Halting into the mouth I thought

the image of the bird would sing but it wouldn’t

though the mouth says I am content now with domestic things

the sound of the broom on the floor body moving

the way a woman’s body has been seen moving

a simpler song and more sweet some would say when heard or read

as the birds wake and there is no reason for waking oneself

on a day like this beginning in curtain light and oranges.


and

Movements
We are the ones
who are held and hold,
for the travelers all aspire to this passage,
we among them, and only two

passing, a tolling of bells
as if in a medieval city,
crier, town spire—this
burgeoned from the personal day,

signing the contract, contracting
so tightly that I out at the edges—
the breath—the song let loose—

And so unto the electrical bells, sing,
washing over bones to heaven,
heart to earth. Not any other way
to do it, though the hand aches
from holding and
elemental of the heart: hooded.

Tuesday, March 16, 2010

Fence Magazine - Catherine Wagner

Wagner's poetry caught my eye because I found the most entertaining. Although they seemed overly constructed, they were still clever. I especially liked her poem "Coming and I did not Run Away". I liked how she started with real German words and then progressed rapidly to imitations of them.

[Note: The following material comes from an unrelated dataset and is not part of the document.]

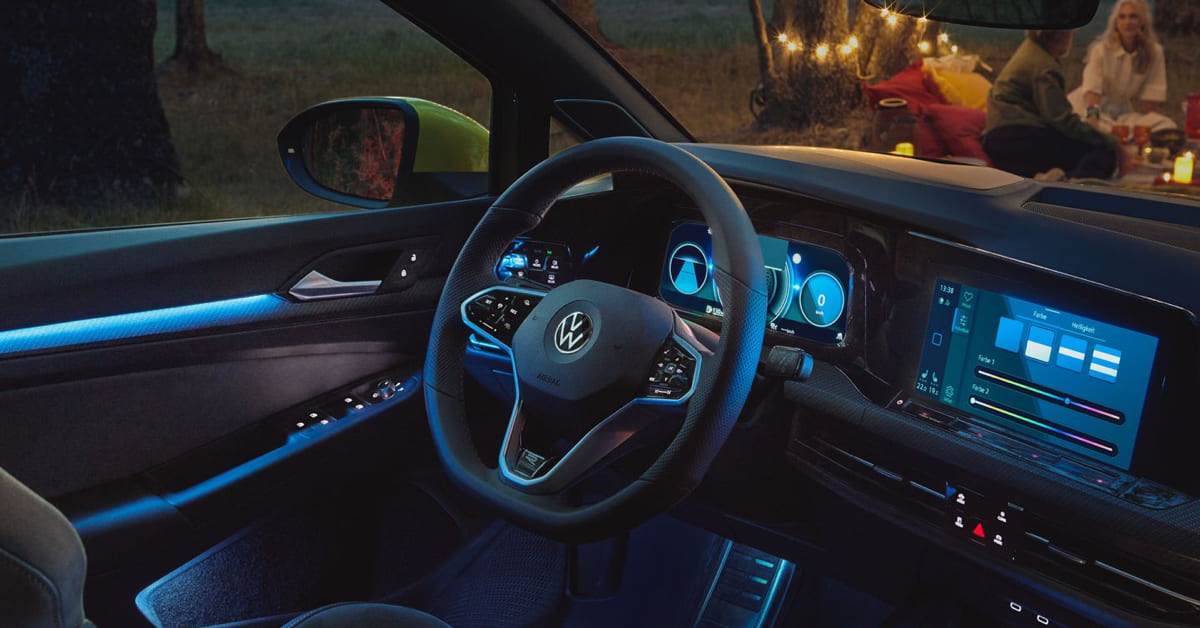 Volkswagen Golf 2025  | Hình ảnh chi tiết, Thông số kỹ thuật và Giá bán mới nhất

I also liked the use of self-awareness in the poems. I thought it worked well in "Among the Orders". Wagner comments on how whatever happens in a poem, it happens mainly because the poet wants to find out what would happen if two things are thrown together.

The one thing that bothered me about the poems were that they seemed very... constructed. I wish I had a better word for this, but I can't think of one. What I mean is, I get the sense in some of the lines that things are being thrown in there just because the poet knows they will catch attention, and she is deliberately trying to be "edgy". One example of this is the vulgarity. I don't have a problem with vulgarity in poems, but here it just seems unnecessary. Like the two homeless people could easily have been doing something besides "fucking". I think Wagner even comments on this herself in "Coming and I did not Run Away". After she randomly throws in the uterus, she even says "I saw the 'usual turn of phrase'/ coming and I did not run away/ I lay around". It sounds to me like she was writing a perfectly good poem, then some random line popped into her head and she just put it down, even though it had nothing to do with the poem. It just felt lazy to me.

Monday, March 8, 2010

Michael Magee - My Angie Dickinson (03/08/2010)

Whoa. This book is such a trip. Reading this book makes me feel like I'm in some sort of whirlwind, falling through the rabbit hole. There are all these objects and people that are known in normal life, but the phrases that link them together make no sense. It's like the Mad Hatter. Like the caterpillar smoking up. A little bit psychotic. Not that that's necessarily bad.

The book takes you down a path you think you know- poems built from stanzas, numbered and spaced with dashes like Emily Dickinson's work- but then hits you over the head with the amount of chaos that's happening. You read a poem, thinking you've recognized things (Margaret Thatcher & the Sphinx, for example) and will now be able to deconstruct it, only to realize you really have no clue what it's about. You're left with the feeling that Magee has taken a little bit of Dickinson and made it something wicked.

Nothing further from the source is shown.